2 Aug.—Wayne Byres, chairman of banking regulator the Australian Prudential Regulation Authority (APRA), announced last Tuesday that he will step down on 30 October, 18 months before the expiry of his second five-year term. A career financial technocrat since the 1980s, Byres is a die-hard champion of the idea that caveat emptor (Latin for “Let the buyer beware”) must be the core principle of the financial marketplace, and in 2011-14 was one of the architects of the Switzerland-based Bank for International Settlements’ (BIS) plans for a global “bail-in” regime under which depositors—on the basis that they are not customers but investors who willingly take on a share of their banks’ risks—would have their funds seized to save banks from the consequences of their speculative excesses, to preserve “financial stability”. Yet APRA and Byres personally have been instrumental in creating and maintaining the veil of secrecy around the banks’ workings that make caveat emptor impossible for the average person.
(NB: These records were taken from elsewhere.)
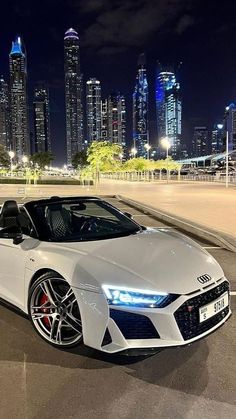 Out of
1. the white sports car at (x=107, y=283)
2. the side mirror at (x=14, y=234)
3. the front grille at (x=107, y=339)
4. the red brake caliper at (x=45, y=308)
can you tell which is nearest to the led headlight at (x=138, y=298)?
the white sports car at (x=107, y=283)

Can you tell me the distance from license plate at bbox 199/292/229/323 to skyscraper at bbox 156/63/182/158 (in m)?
184

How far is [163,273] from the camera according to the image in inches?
140

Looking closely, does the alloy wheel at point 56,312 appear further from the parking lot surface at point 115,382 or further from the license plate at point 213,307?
the license plate at point 213,307

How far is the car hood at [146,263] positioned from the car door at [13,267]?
1.74 ft

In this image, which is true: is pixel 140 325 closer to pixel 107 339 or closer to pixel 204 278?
pixel 107 339

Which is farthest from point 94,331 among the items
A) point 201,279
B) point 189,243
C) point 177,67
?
point 177,67

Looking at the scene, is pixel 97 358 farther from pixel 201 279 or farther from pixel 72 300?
pixel 201 279

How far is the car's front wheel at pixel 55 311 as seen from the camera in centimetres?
376

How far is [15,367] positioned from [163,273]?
1.53 m

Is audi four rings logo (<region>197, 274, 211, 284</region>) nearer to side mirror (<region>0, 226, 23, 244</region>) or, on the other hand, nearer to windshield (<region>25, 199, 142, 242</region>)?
windshield (<region>25, 199, 142, 242</region>)

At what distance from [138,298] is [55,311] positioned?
997 mm

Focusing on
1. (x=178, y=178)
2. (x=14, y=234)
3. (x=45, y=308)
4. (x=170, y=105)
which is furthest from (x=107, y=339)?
(x=170, y=105)

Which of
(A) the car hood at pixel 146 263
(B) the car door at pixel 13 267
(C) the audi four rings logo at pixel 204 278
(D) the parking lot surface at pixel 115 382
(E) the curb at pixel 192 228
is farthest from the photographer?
(E) the curb at pixel 192 228

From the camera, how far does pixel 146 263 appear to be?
369 centimetres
According to Byres’ biography on the APRA website, he began his career at the Reserve Bank of Australia (RBA) in 1984, where he worked for some 13 years including an unspecified period on secondment to the Bank of England. When the RBA’s regulatory division was split off and became APRA in 1998, Byres went with it, and “held a range of senior executive positions … covering both its policy and supervisory divisions” ending as Executive General Manager in late 2011, when he left APRA to take up the appointment as Secretary General of the BIS’s Basel Committee on Banking Supervision (BCBS). In June of that year the BCBS had finalised the “Basel III capital framework”, which sets out how much and what types of “loss-absorbing capital” banks must hold relative to their lending and investment risks; and in November 2011, the BIS/G20 Financial Stability Board (FSB) adopted its “Key Attributes of Effective Resolution Regimes for Financial Institutions”, intended as a global template for preserving so-called financial stability in future systemic crises. The latter was presented as a plan to prevent the collapse of “systemically important financial institutions”, a.k.a. too-big-to-fail (TBTF) banks, without resorting to multi-trillion-dollar publicly funded bailouts as the US Federal Reserve, European Central Bank, BoE and others had done in the wake of the 2007-09 global financial crisis (GFC). As the Citizens Party (then Citizens Electoral Council) exposed,1 however, this was merely a pretext for applying the 2013 “Cyprus template” to the entire world, forcing so-called unsecured creditors to eat the losses incurred by their banks’ gambling on high-risk financial derivatives—including by seizing depositors’ funds and converting them into worthless shares to keep failed banks nominally solvent.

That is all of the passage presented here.